Zuckermotte antwortete auf das Thema:
05 Mai 2019 17:57
Oh Ines,
meine Tochter heißt auch Emilia, ist 6 Jahre alt und hat es im August 2017 bekommen... Deine Schilderung kommt mir bekannt vor. Es gibt viel zu entdecken, die Kita macht auch bei uns super mit, zu den Mahlzeiten kommt der Pflegedienst, das erleichtert vieles, die Pumpe bedient sie auch selbständig, messen sowieso und mittlerweile Essen berechnen - sie möchte gern mal ohne Mama ein paar Stunden sein:-) Wir starten in drei Wochen zur Reha, vor der Einschulung nochmal üben, damit sie so normal wie möglich in die Schule kann.
Wir haben die Mio Katheter, in blau und pink, Farbe macht es oft einfacher:-) Pflasterentferner von Brava, bei der Krankenkasse durchgeboxt, dass es bezahlt wird. Enlite Sensor dran und es wurde besser (vorher Libre, aber Enlite läuft mit Pumpe und Alarm zusammen).
Wir rechnen uns durch das Leben, wiegen und berechnen kann man nämlich alles.... Und schwimmen im Verein, sie reitet noch und überhaupt nur Action..... Es geht weiter.... was auch sonst....
Viel Zeit zum Nachdenken bleibt nicht, lieber hier auf der Diabetes-Kids Seite stöbern und dazu lernen....
jonas2007 antwortete auf das Thema:
04 Mai 2019 19:43
Du beschreibst da ziemlich gut, wie wir uns, glaube ich, alle gefühlt haben. Für mich war auch dieses für immer das größte Problem. Ich habe das gehasst. Das wollte ich nicht für mein Kind. Auf gar keinen Fall. Wir haben jetzt das erste Jahr rum und Jonas war auch schon 10 als bei uns alles anfing. Es läuft gut. Man kommt klar. Aber immer wieder gibt es Situationen, wo ich aus dem Zimmer gehen muss, mich im Bad einschliesse und heule wie ein Schloss und. Letzten sagte Jonas zum Beispiel, daß er auf der Klassenfahrt nicht duschen möchte. Er will nicht, das alle seinen Omnipod sehen. Und ich? Ahnte bis jetzt nicht mal, daß das ein Problem für ihn darstellt. Der Omnipod fällt ja eigentlich gar nicht auf, so ganz ohne Schlauch. Da arbeitet so viel in dem Kind. Aber was soll es. Keine Chance was daran zu ändern. Also einfach mit ganzer Kraft für ihn da sein und durchhalten. Ist meine Devise,
Ich wünsche euch viel Kraft und Ausdauer. Das braucht man glaube ich am meistens. Ach nein, Geduld. Das braucht man am meisten. Oder vielleicht Mut. Ich denke, man braucht eigentlich von allem am meisten.;) :(
MatHar antwortete auf das Thema:
03 Mai 2019 23:04
Hallo Ines,
vielen Dank für deine Offenheit und Willkommen!
Vielen von uns ist es ähnlich ergangen und es ist immer wieder bewegend die ähnlichen Erfahrungen anderer zu lesen.

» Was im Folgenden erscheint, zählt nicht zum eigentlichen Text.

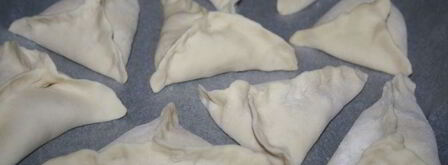 быстрая самса из слоеного теста с говяжьим фаршем. Шаг 5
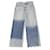 Mother The Rambler Ankle Fray Jeans aus blauem Denim Hellblau Baumwolle  ref.504384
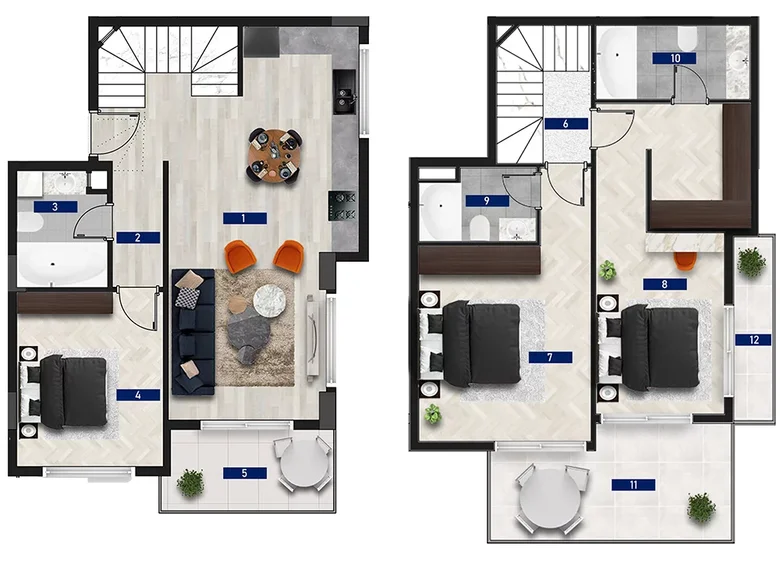 Mieszkanie 4 pokoi 151 m² Alanya, Turcja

Unsere Tochter ist zwei Jahre jünger als eure und hat die Diagnose kurz vor ihrem 3. Geburtstag bekommen.
Wir sind nach einigen Wochen dazu übergegangen den Katheter bei Ihr kurz nach dem Einschlafen zu setzen, da sie sich aus Angst vor dem Piks immer heftiger gewehrt und geschrien hat. Seit dem dauert das Prozedere wenige Minuten und nicht mehr bis zu 50 Minuten die für uns alle immer wieder traumatisierend waren. Nun zuckt sie meistens nicht einmal dabei.

Den alten Katheter entfernen wir am nächsten Tag in dem wir Desinfektionsmittel (Softasept N) auf die Klebeflächen sprühen und dann erwärmtes Kokosöl (welches dann flüssig ist) darauf geben. Dann lässt sich der Katheter ganz gut lösen. Durch das Kokosöl wird die Haut zudem gepflegt und weniger gereizt als beim Pflasterlöser.

Viel Kraft und wachsende Sicherheit für die kommende Zeit !!!